Hard constraints vs soft beliefs

These are two completely different things in IS-DD:

Hard constraints (facts — always on)

Things we know to be true from the public game state. They are not configurable and are applied unconditionally in every code path:

  • Voids: a player who couldn't follow suit no longer has any card of that suit
  • Trump ceiling: a player who undertrumped (or discarded under "ne pisse pas") cannot have a higher trump
  • Played cards: any card already played is no longer in any hand
  • Observer's hand: the cards in our own hand are known

These constraints zero out probabilities for impossible (player, card) combinations. There is no use_hard_constraints flag — it would be like a flag for "use facts".

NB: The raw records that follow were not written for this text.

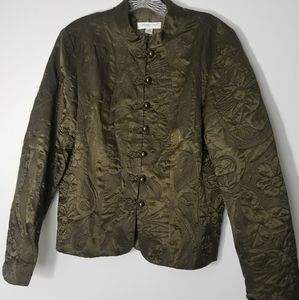Vintage Coldwater Creek Green Silk jacket
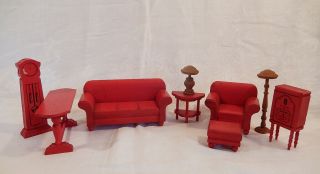 9 Vintage Red Painted Wood Strombecker Doll House Living Room Furniture 1930 - 40s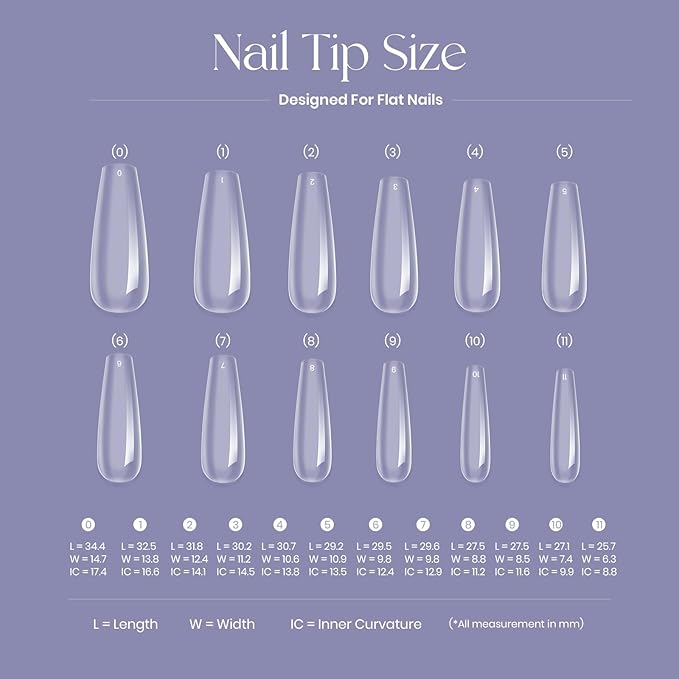 Tipex Gel Nail Tips Kit,Pre-etched Acrylic Hard Nail Tips Set for Beginners,Long Coffin Full Cover Press On Nails,Deep C Curve Flat Nails,UV Nail+Glue+LED Lamp+Base Gel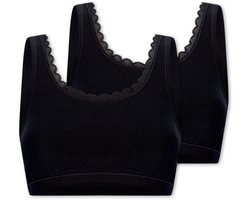 Uncover by Schiesser - 2PACK Bustier Cotton Lace - Dames - zwart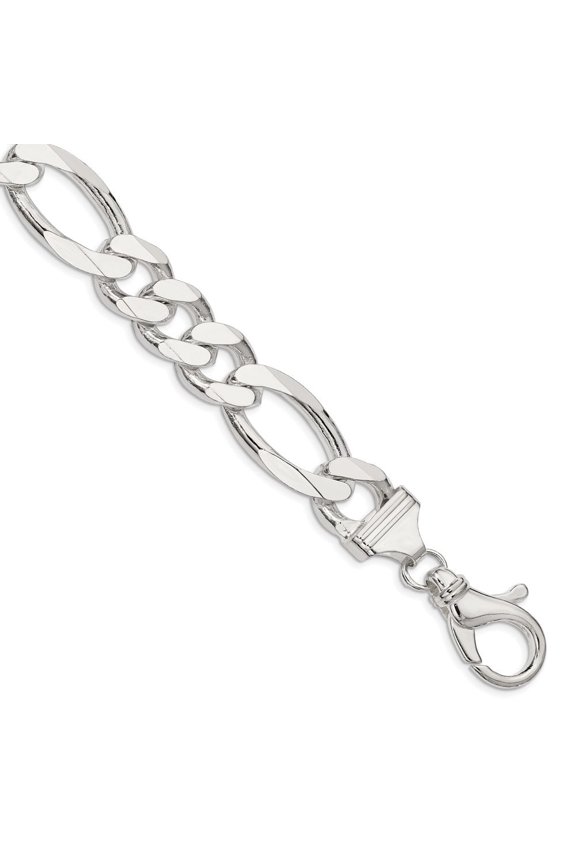 Fine Jewelry 925 Sterling Silver 15mm Figaro Chain Bracelet 9inch for Women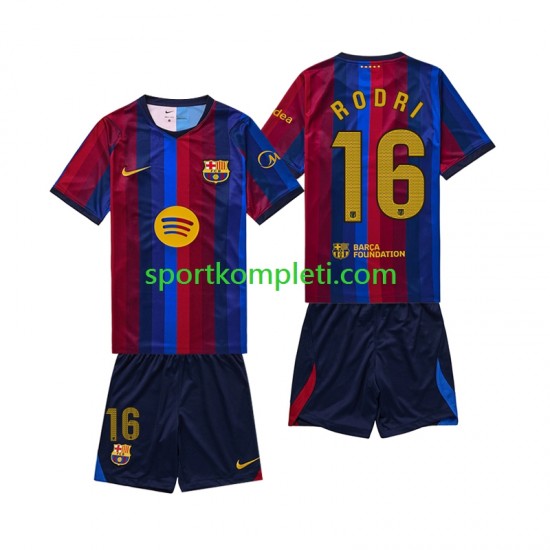 FC Barcelona Djeca Domaći Nogometni Dres Rodri 16 2026-2027 Kratki Rukavi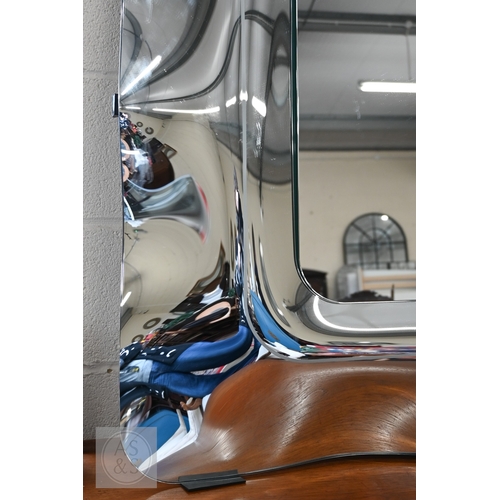 147 - A large contemporary Italian 'Fiam' wavy edge mirror, 200 x 106 cm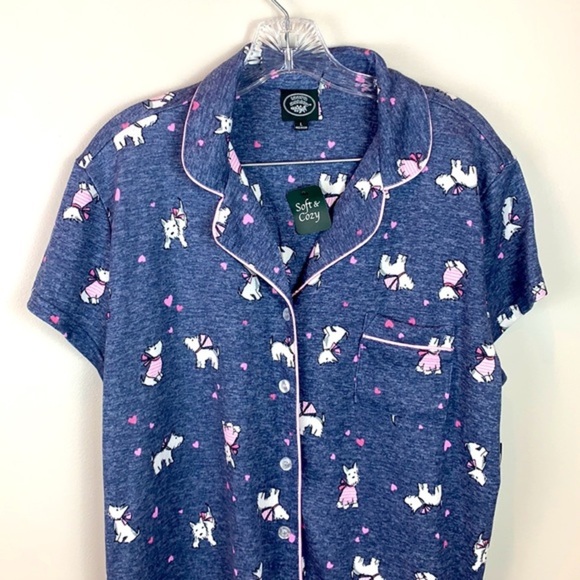 Laura Ashley Soft Scottie Notched Collar Pajama Set NWT - Picture 3 of 6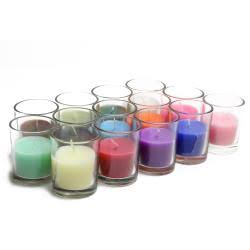 96 Pcs Aqua Round Glass Votive Candles C863066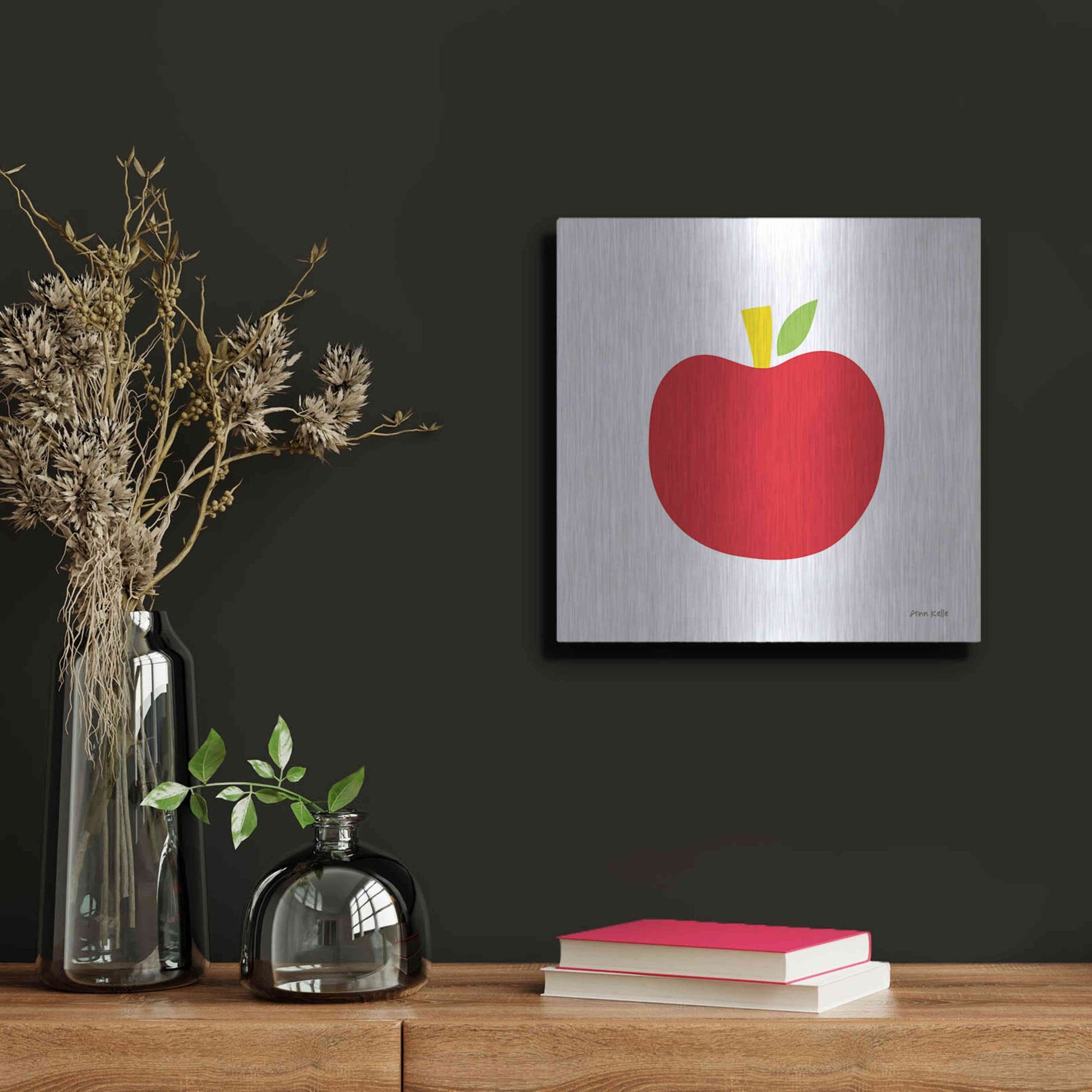 Luxe Metal Art 'Red Apple' by Ann Kelle Designs, Metal Wall Art,12x12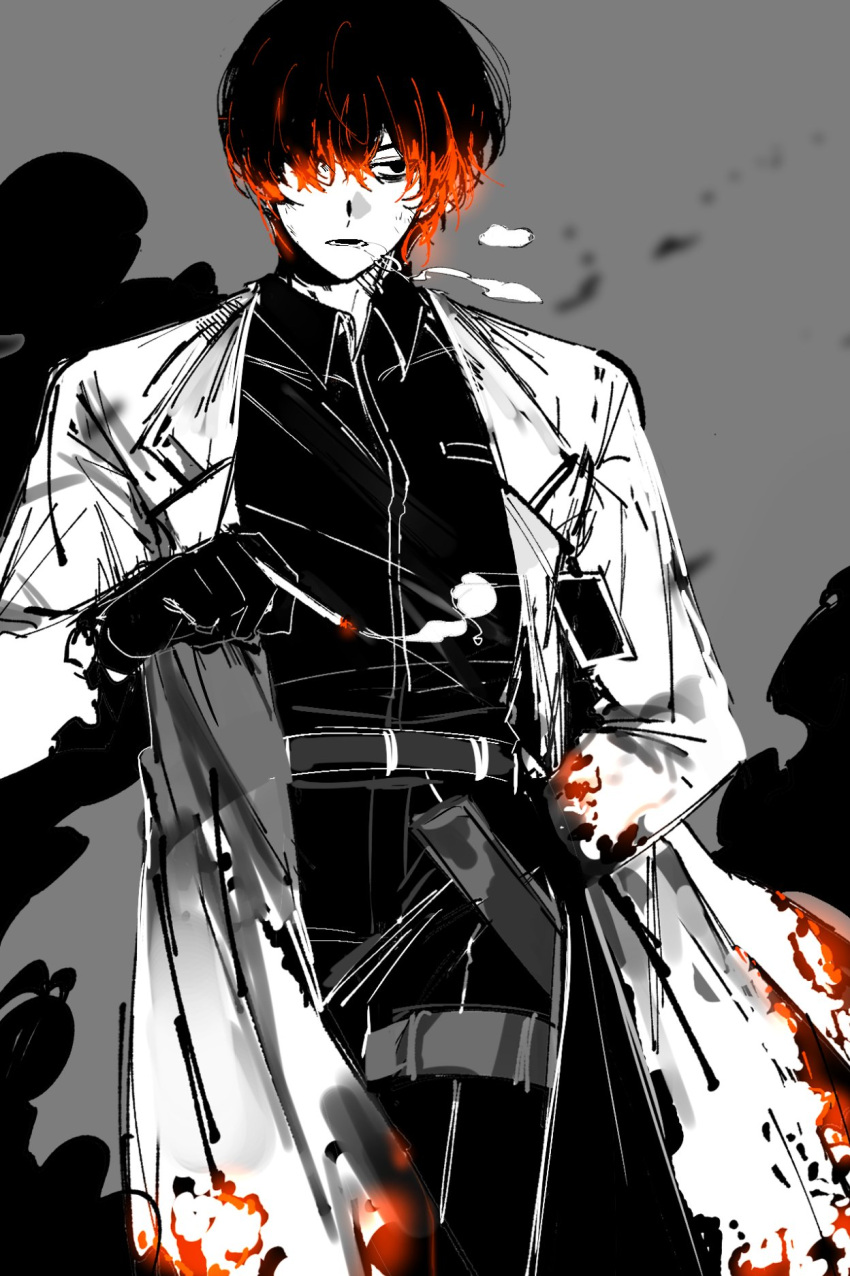 1boy black_eyes black_gloves black_hair black_pants black_shirt burnt_clothes cigarette coat collared_shirt commentary_request e.g.o_(project_moon) fiery_hair gloves grey_background highres isangjuuija korean_commentary limbus_company long_sleeves male_focus pants project_moon red_hair shirt solo thigh_strap white_coat wing_collar yi-sang_(limbus_company)
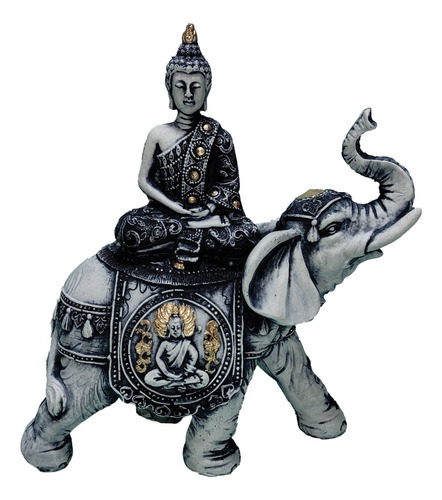 Adorno De Resina Buda Meditando En Elefante #247
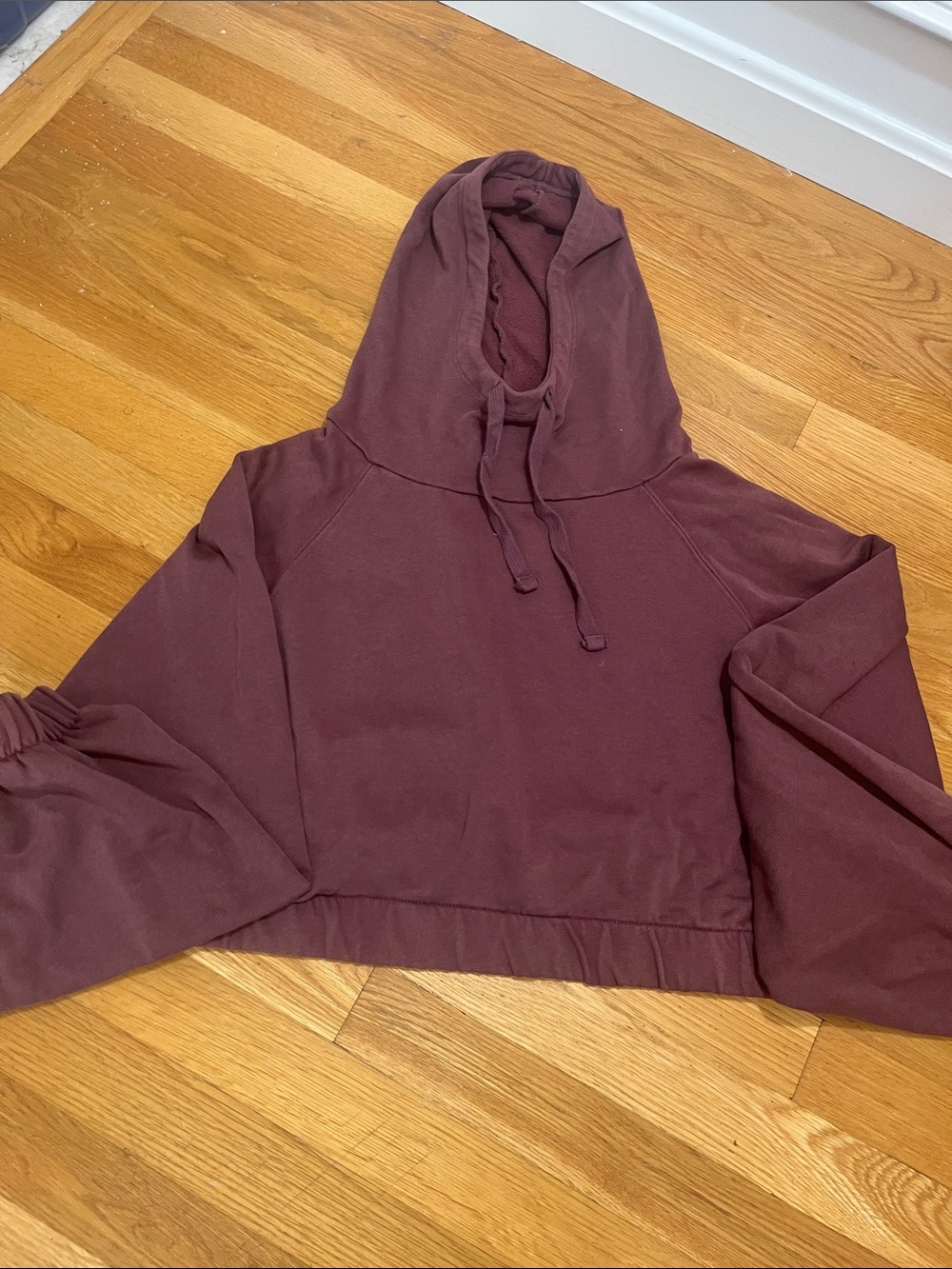 Cropped Hooded Sweatshirt in Deep mauve
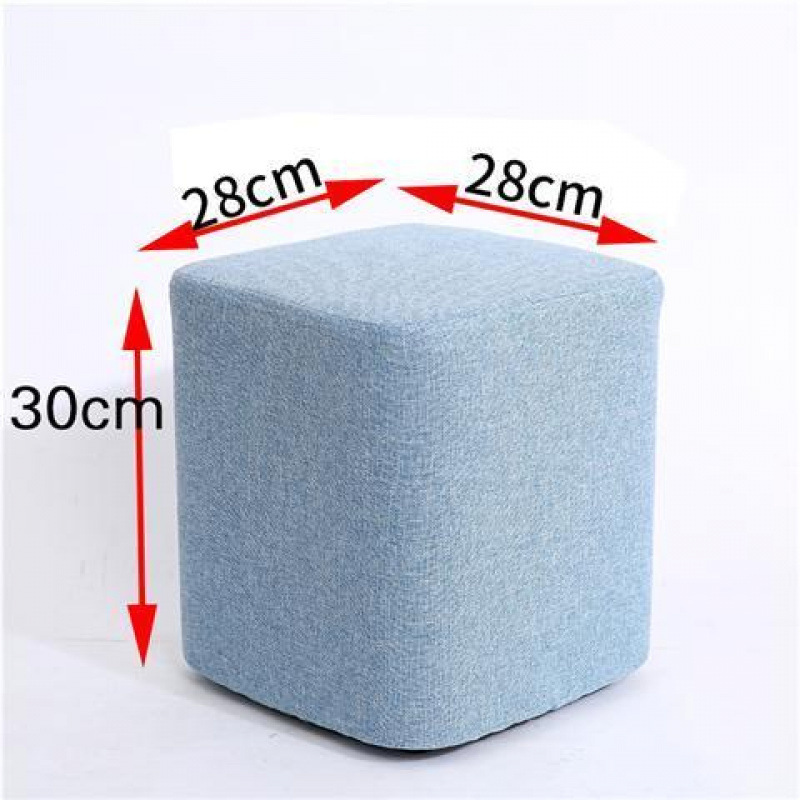 연한 하늘색 30cm 높이 사각 스툴 - 장인 정신으로 엄선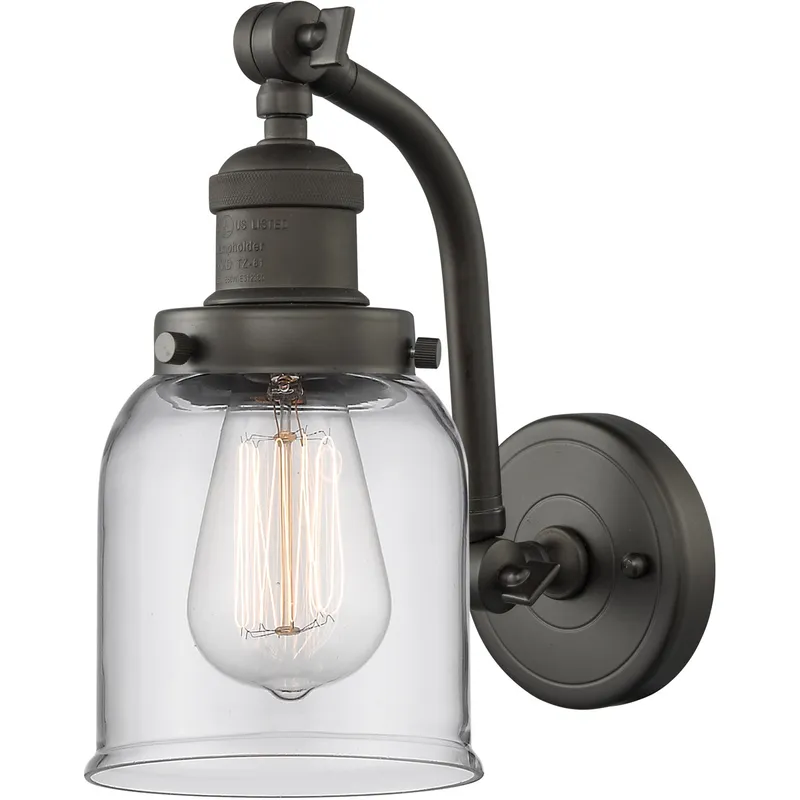 Franklin Restoration Small Bell LED 5 inch Oil Rubbed Bronze Sconce Wall Light in Clear Glass, Franklin Restoration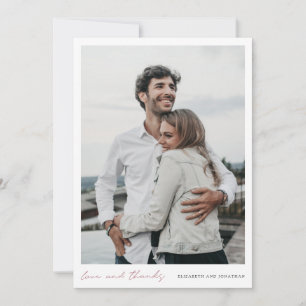 Cartão De Agradecimento Casamento Simples de Fotos e Obrigados de Script M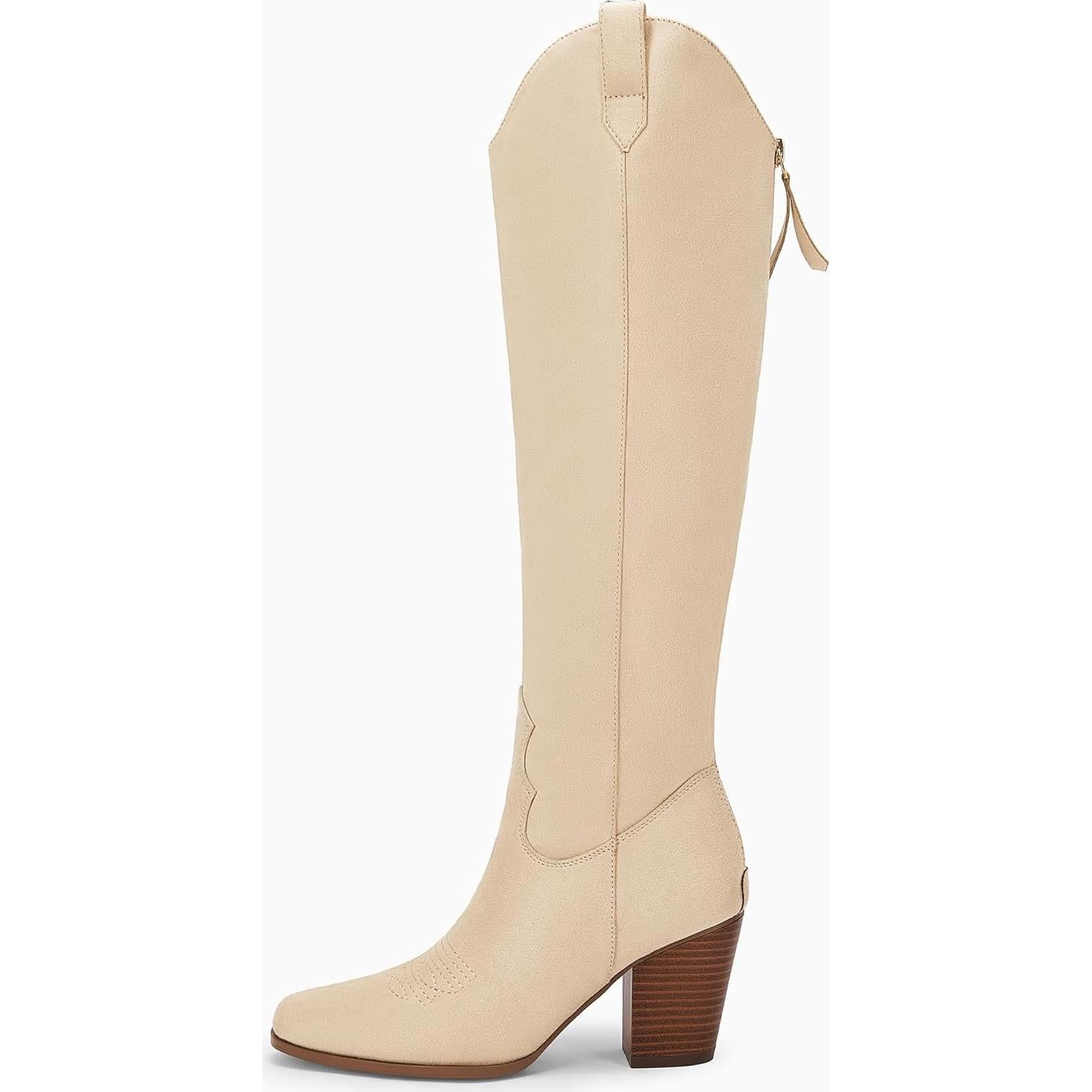 Botas de vaquera para mujer Rilista hasta la rodilla beige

Hard constraints are computed inside CardBeliefs::raw_weights() and applied automatically:

  • Heuristic path (use_nn_beliefs=false): CardBeliefs::normalized_weights() already excludes impossible cards
  • NN path (use_nn_beliefs=true): NN soft predictions are masked by the same hard constraints (any card with raw_weight==0.0 in CardBeliefs gets nn_weight=0.0)

Soft beliefs (probabilistic guesses — all OFF by default)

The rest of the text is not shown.